Maria Paiato in “Medea” per la regia Pierpaolo Sepe

medea-teatro-nuovoVenerdì 22 novembre 2013, Teatro Nuovo di Napoli

In scena la tragedia dell’ira, l’atroce vendetta della folle eroina e le “ragioni

irragionevoli” di una donna che non ha saputo mettere a tacere amore e furore

 

Ama i personaggi estremi Maria Paiato, che, dopo Anna Cappelli di Annibale Ruccello, ora è protagonista, ancora guidata dalla potenza rigorosa e visionaria di Pierpaolo Sepe, della Medea di Seneca, in scena al Teatro Nuovo di Napoli da venerdì 22 novembre 2013 alle ore 21.00 (repliche fino a domenica 1 dicembre), presentata da Fondazione Salerno Contemporanea.

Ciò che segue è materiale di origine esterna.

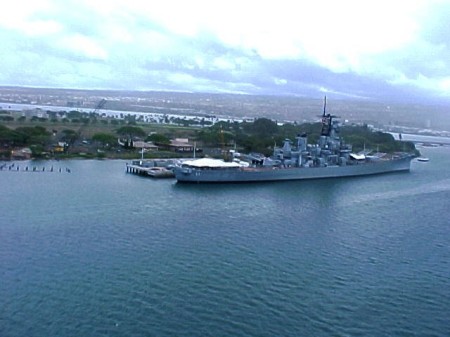 Flying by the USS Missouri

Un’altra donna estrema che, abbandonata dal suo Giasone e straniera in terra straniera, ammazza la rivale e poi i suoi figli. A renderla ancor più estrema è la scrittura di Seneca, che s’ispira alla tragedia di Euripide, ma accentua l’ira sfrenata e il desiderio di vendetta della protagonista come unici strumenti possibili, per placare un dolore ingiusto e incolmabile, di cui è vittima e artefice allo stesso tempo.

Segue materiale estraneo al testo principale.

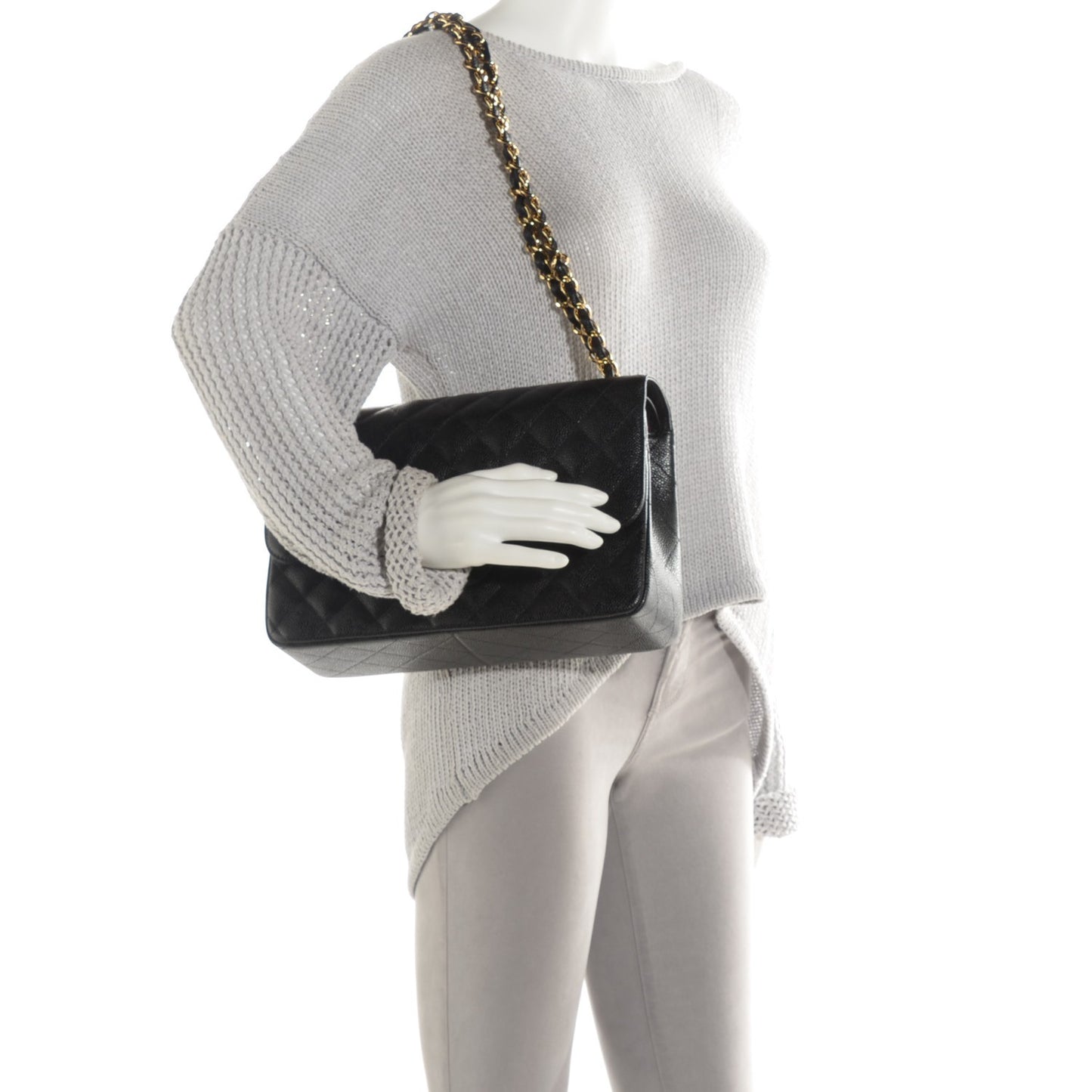 Caviar Quilted Jumbo Double Flap Black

La disperazione “umana” dell’eroina euripidea (donna, straniera, non greca, senza patria, diritti e famiglia) di fronte a un Giasone tronfio, opportunista e ingrato, cede il passo, in Seneca, a una creatura demoniaca, dominata esclusivamente dalle passioni, con il coro, non a caso, a parteggiare per lei in Euripide e per lui in Seneca.

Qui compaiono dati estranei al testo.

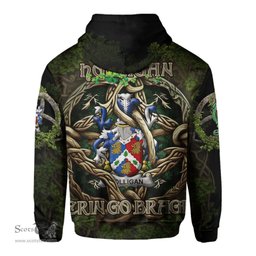 ScotsTee Shop Irish Holligan or O Halligan Coat of Arms Irish Hoodie Family Crest Irish Is My Root Hoodie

Con lei sino al finale, il Giasone di Max Malatesta, il Creonte di Orlando Cinque, il coro di Diego Sepe e la nutrice di Giulia Galiani.

Una storia che, come ogni mito, è indifferente al tempo e ai tempi, perché parla di vendetta, di passione, di morte, e perché la solitudine, il senso di non appartenenza e il disorientamento fanno di Medea un personaggio femminile complesso e di straordinaria modernità.

Caratteristiche che quest’allestimento esalta attraverso la traduzione e l’adattamento di Francesca Manieri, i costumi di Anna Paola Brancia D’Apricena, le luci di Pasquale Mari, le scene di Francesco Ghisu, che ha ricreato sul palco una fabbrica abbandonata, grigio abisso di decadenza e solitudine.

«È una ricerca cieca e folle – così Pierpaolo Sepe – che trascina Medea e Giasone oltre i limiti della quiete che preserva l’uomo dai suoi stessi baratri. Una ricerca senza meta e senza esito, che una volta innescata esige di “infrangere con la tua furia le sacrosante leggi dell’universo”. Un dolore ingiusto e incolmabile di cui si è al contempo vittime e artefici, un dolore che esplode nel cuore dell’ira. Questa furia dolorante è Medea».

Medea infrange i sacrosanti legami della maternità, e, nell’impeto di un desiderio oltre natura, si spalanca il mondo contemporaneo del disumano. Solitudine, senso di non appartenenza, disorientamento culturale, che esplodono in un furore cieco e solitario, ne fanno il cuore rimosso dell’Occidente, che pulsa e giace sotto le fondamenta scricchiolanti di un intero mondo.